1) she wanders around, Mir, in my inner-self

2a) whether I am awake, or I dream
2b) am I awake, or do I dream?
2c) I am awake, {because / when / in that} I dream

 

Notes:

phirnaa : 'To turn, go round, revolve, whirl; to circulate; to turn back, to return; to walk, walk about, walk to and fro; to wander, rove, ramble, stroll; to travel'. (Platts p.286)

 

kih : 'conj. That, in order that, to the end that, so that, for that, in that, because, for; if; and; or; whether; namely, to wit, saying, thus, as follows... ; lest; when'. (Platts p.866)

S. R. Faruqi:

In the [dictionary] nuur ul-lu;Gaat the meaning of jii me;N phirnaa is given as 'to think of somebody again and again'; and as a warrant [sanad] the present verse of Mir's has been given. Farid Ahmad Barkati too has given this meaning, on the authority of muha;z;zab ul-lu;Gaat . The difficulty is that the meaning doesn't follow from the verse. If the thought of the beloved occurs again and again, then this is nothing surprising, and there's no occasion at all for the doubt whether I'm awake or asleep. The best thing is to take phirnaa in its dictionary sense (to go around, to wander around) here, and not to suppose jii me;N phirnaa to be an idiom.

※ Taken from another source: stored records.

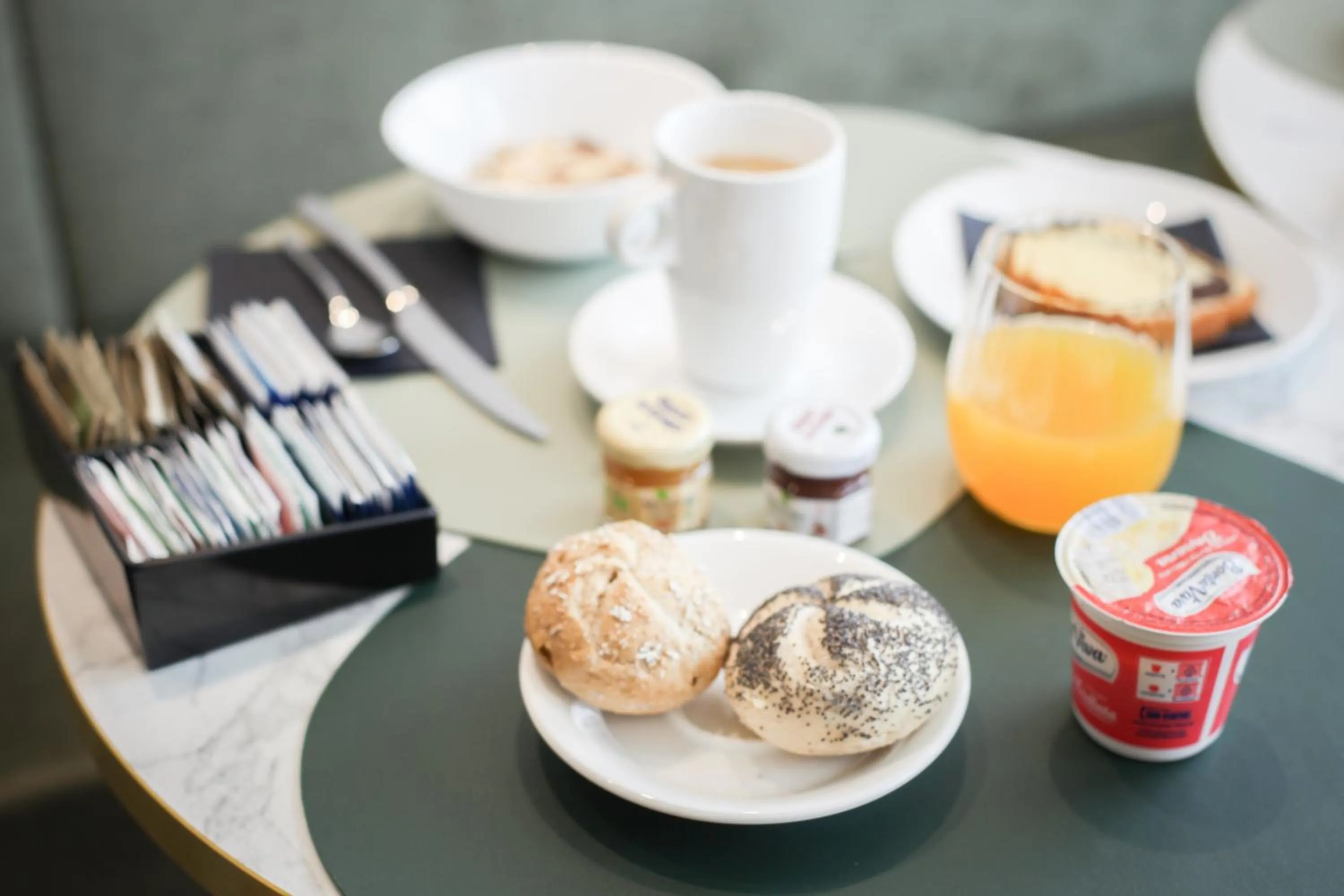 Breakfast in The FLOOR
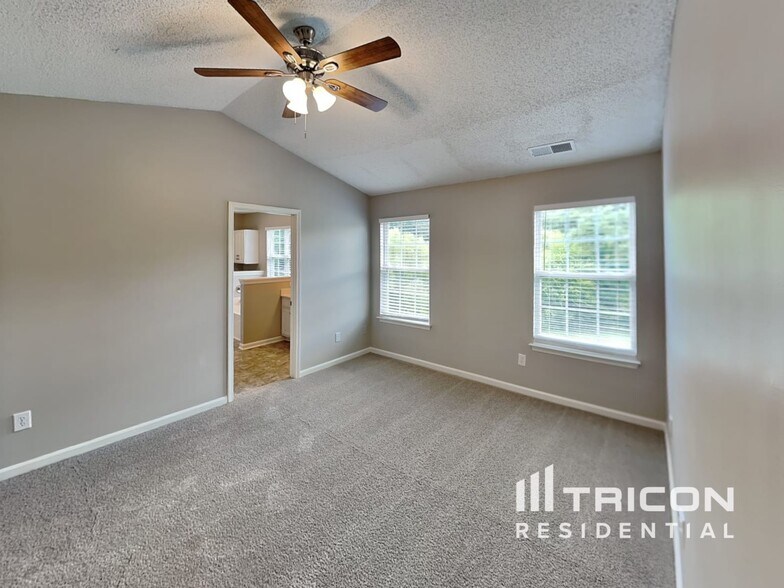 Building Photo - 10827 Azure Valley Pl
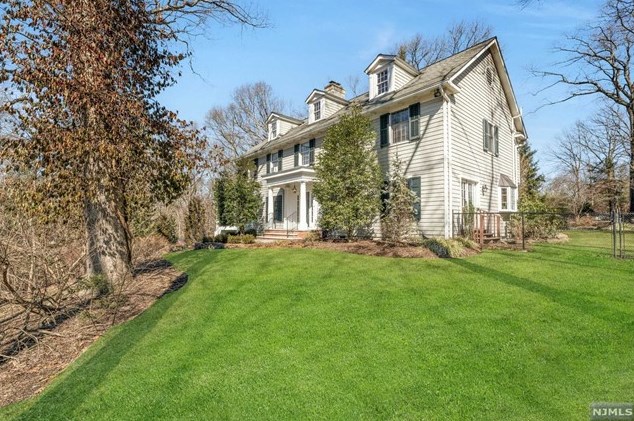 995 Dogwood Trail, Franklin Lakes, NJ 07417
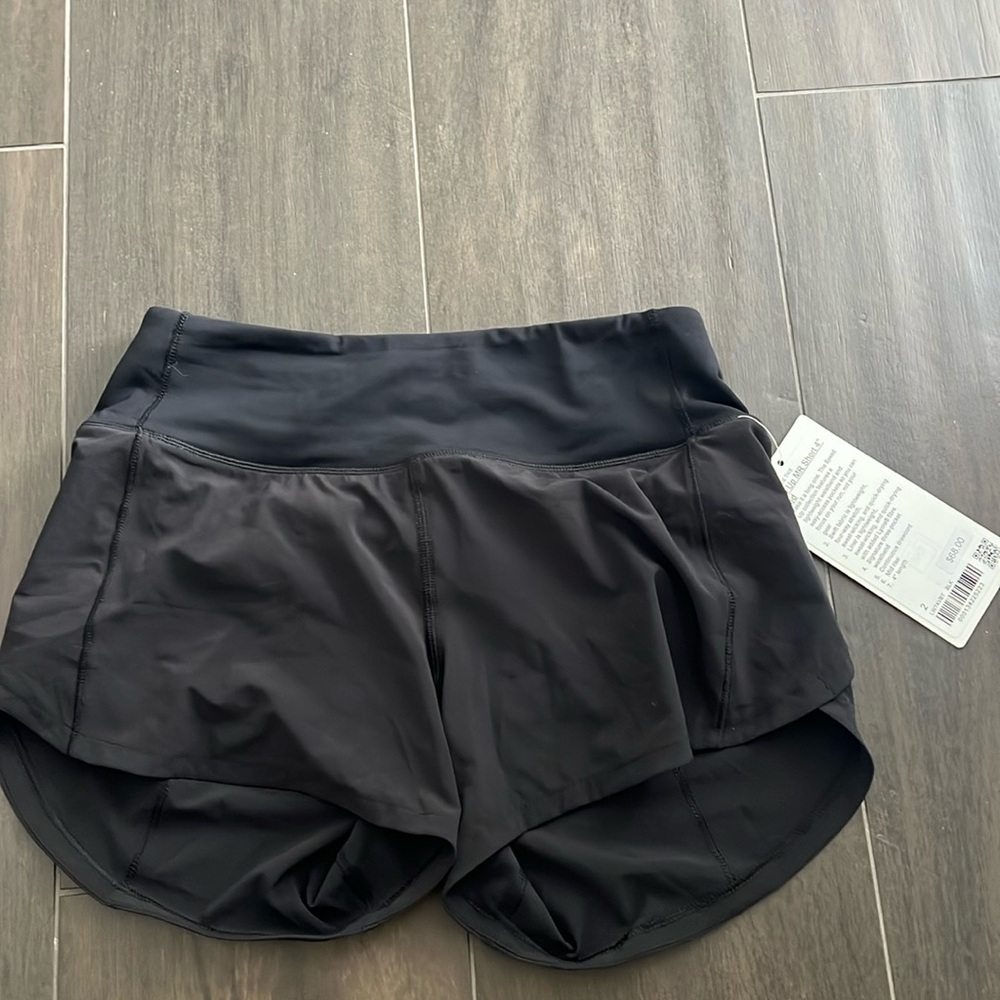 Lululemon never worn speed up MR short 4” lined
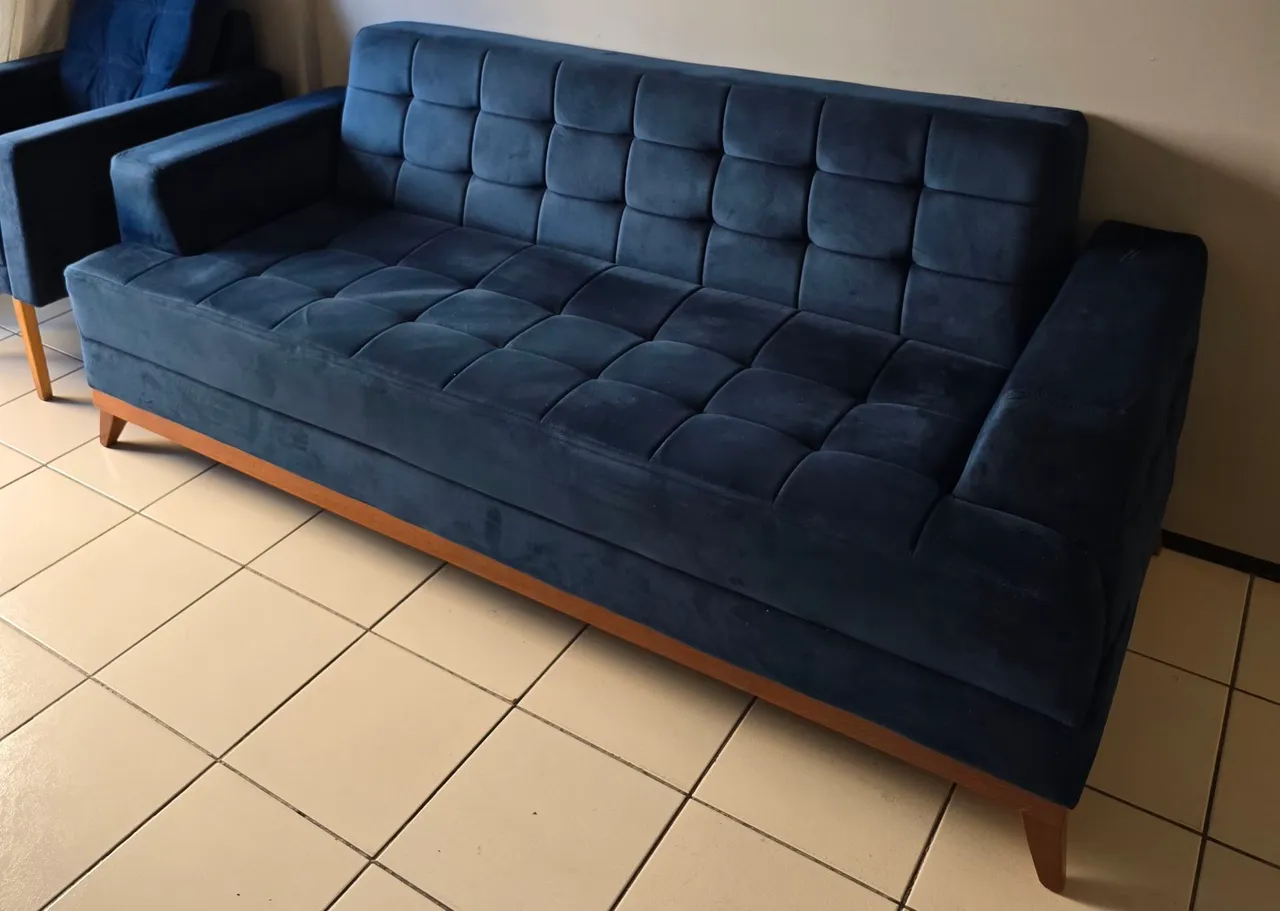 Sofá de 3 lugares azul com design elegante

The old poets used to use jii in the sense of 'life' [jaan], especially when this word wasn't part of any idiom and was used as a noun. As Nasikh says,

jii nahii;N bachtaa na:zar aataa shab-e furqat me;N aaj
kahkashaa;N talvaar hai aur aasmaa;N jallaad hai

[it looks as if my life won't escape in the night of separation, today
the Milky Way is a sword and the sky is an Executioner]

(The theme of the Milky Way as a sword and the sky as an Executioner was Mir Dard's; then Ghalib too used it. This is a separate discussion.)

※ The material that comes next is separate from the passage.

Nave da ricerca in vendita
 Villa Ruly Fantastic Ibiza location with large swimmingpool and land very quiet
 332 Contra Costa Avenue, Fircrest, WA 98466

Thus the meaning of the first line is that the beloved wanders around in my 'life'-- that is, she has sunk down into my life. It's clear that when the life itself would be inhabited by the beloved, then this will be the ultimate stage of union with the beloved.

Thus in the second line he's said, with surprise and joy, 'am I awake or am I asleep (seeing a dream)?'. That is, for the beloved to settle in the 'life' is the kind of thing that is not easily vouchsafed.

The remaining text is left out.